How to complete this task: Output each line of the data word for word, from the first through the line that holds "Fakultet prometnih znanosti", and leave off whatever follows.

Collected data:
□ □ □

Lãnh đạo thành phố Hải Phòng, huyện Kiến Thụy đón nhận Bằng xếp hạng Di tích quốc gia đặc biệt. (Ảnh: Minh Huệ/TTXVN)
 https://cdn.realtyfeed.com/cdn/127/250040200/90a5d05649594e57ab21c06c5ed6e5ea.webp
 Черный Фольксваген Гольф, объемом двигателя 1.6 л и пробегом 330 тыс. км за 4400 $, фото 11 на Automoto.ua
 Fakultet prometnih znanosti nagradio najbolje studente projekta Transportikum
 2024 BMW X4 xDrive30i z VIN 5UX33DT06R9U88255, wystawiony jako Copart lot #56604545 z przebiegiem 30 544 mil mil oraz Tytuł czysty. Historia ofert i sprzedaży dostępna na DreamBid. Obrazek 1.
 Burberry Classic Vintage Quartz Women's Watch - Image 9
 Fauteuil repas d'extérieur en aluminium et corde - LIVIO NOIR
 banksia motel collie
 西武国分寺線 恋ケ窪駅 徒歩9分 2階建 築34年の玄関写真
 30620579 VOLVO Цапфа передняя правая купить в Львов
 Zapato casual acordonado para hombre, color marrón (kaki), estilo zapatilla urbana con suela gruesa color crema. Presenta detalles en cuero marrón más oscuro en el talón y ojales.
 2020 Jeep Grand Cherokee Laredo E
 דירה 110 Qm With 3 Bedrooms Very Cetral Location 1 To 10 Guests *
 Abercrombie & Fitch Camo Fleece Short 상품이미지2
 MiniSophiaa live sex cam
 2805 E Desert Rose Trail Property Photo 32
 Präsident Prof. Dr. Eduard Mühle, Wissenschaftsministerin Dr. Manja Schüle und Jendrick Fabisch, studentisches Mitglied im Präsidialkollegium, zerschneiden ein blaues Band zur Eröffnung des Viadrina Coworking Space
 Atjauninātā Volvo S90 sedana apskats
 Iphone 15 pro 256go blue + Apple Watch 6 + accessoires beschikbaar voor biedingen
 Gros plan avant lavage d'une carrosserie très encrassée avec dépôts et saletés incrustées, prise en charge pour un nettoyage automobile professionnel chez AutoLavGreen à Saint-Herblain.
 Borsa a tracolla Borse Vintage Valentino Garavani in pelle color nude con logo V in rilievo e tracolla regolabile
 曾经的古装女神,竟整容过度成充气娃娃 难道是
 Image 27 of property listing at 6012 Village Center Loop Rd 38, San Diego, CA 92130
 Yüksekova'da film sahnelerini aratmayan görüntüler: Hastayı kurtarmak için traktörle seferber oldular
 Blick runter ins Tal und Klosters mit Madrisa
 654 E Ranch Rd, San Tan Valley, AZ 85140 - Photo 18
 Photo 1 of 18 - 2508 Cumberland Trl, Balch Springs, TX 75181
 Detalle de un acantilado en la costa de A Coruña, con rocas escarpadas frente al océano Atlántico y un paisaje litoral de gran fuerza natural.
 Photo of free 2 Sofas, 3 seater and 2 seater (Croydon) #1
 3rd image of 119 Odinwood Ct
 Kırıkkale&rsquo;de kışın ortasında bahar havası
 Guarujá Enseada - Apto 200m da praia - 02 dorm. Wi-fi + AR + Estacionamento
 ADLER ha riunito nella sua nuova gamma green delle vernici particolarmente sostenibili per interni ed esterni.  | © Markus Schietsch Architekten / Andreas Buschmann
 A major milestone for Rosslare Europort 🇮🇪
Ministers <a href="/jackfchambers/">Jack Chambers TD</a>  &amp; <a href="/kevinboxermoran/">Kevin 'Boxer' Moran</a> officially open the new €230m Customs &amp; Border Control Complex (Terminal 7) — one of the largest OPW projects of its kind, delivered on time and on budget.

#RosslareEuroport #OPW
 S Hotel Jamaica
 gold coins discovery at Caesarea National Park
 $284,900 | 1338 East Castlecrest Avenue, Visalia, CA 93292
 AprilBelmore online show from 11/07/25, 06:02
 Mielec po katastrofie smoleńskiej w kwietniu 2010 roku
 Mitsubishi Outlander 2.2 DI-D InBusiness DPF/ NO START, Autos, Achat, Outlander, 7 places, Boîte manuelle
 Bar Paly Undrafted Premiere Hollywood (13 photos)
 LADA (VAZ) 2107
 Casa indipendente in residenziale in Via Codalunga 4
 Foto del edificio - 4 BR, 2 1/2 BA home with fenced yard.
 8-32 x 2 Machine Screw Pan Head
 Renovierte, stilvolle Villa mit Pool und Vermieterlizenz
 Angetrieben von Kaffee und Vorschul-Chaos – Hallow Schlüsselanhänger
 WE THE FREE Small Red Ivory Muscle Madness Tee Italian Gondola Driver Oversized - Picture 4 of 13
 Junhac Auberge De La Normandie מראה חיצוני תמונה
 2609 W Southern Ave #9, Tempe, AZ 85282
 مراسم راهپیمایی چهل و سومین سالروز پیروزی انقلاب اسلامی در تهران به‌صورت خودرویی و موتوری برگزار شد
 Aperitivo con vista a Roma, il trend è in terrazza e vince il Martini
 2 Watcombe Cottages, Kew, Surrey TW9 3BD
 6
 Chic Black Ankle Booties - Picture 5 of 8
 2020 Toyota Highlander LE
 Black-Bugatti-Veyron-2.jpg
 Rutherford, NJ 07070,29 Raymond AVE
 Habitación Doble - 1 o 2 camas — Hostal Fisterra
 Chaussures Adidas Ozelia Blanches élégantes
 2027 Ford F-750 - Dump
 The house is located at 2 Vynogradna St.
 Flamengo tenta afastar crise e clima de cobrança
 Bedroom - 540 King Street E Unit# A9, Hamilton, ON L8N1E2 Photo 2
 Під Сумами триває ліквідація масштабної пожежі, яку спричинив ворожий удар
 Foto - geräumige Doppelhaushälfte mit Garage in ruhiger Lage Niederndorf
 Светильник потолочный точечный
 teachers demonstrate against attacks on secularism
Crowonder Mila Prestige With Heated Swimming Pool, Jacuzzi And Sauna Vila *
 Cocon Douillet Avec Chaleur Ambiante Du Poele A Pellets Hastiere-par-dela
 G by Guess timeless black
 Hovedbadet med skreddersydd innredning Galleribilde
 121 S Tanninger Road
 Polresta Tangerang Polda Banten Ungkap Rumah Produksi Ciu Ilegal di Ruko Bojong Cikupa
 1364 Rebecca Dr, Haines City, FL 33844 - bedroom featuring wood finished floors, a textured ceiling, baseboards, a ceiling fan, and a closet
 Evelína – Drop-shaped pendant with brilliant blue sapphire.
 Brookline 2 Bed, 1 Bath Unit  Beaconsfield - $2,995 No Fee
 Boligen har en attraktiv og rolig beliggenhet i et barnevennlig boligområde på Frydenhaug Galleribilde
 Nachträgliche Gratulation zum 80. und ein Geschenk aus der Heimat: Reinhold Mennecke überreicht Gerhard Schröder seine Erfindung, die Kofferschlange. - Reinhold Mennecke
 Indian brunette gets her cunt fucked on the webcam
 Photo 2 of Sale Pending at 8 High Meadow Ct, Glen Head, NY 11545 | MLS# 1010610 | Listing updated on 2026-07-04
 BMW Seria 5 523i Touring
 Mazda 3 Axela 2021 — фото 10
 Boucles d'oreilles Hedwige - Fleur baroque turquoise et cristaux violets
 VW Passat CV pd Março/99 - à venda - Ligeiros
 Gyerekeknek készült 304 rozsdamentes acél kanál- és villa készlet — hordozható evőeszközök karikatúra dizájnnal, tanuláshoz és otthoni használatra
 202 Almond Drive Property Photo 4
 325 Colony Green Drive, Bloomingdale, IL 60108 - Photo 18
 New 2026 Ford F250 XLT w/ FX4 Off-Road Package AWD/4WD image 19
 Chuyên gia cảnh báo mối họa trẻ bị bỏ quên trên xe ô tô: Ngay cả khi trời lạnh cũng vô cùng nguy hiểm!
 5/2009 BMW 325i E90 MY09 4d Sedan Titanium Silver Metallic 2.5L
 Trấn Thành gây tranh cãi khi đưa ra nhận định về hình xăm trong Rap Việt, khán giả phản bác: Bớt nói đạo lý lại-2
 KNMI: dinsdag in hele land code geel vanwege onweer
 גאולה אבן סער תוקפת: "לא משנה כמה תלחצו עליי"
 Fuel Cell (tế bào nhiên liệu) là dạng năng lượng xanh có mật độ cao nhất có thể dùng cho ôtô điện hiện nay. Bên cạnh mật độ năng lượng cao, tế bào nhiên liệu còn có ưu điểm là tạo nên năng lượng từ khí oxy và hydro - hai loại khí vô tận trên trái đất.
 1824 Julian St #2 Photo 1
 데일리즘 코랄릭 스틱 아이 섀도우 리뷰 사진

□ □ □

Task result:
Lãnh đạo thành phố Hải Phòng, huyện Kiến Thụy đón nhận Bằng xếp hạng Di tích quốc gia đặc biệt. (Ảnh: Minh Huệ/TTXVN)
 https://cdn.realtyfeed.com/cdn/127/250040200/90a5d05649594e57ab21c06c5ed6e5ea.webp
 Черный Фольксваген Гольф, объемом двигателя 1.6 л и пробегом 330 тыс. км за 4400 $, фото 11 на Automoto.ua
 Fakultet prometnih znanosti nagradio najbolje studente projekta Transportikum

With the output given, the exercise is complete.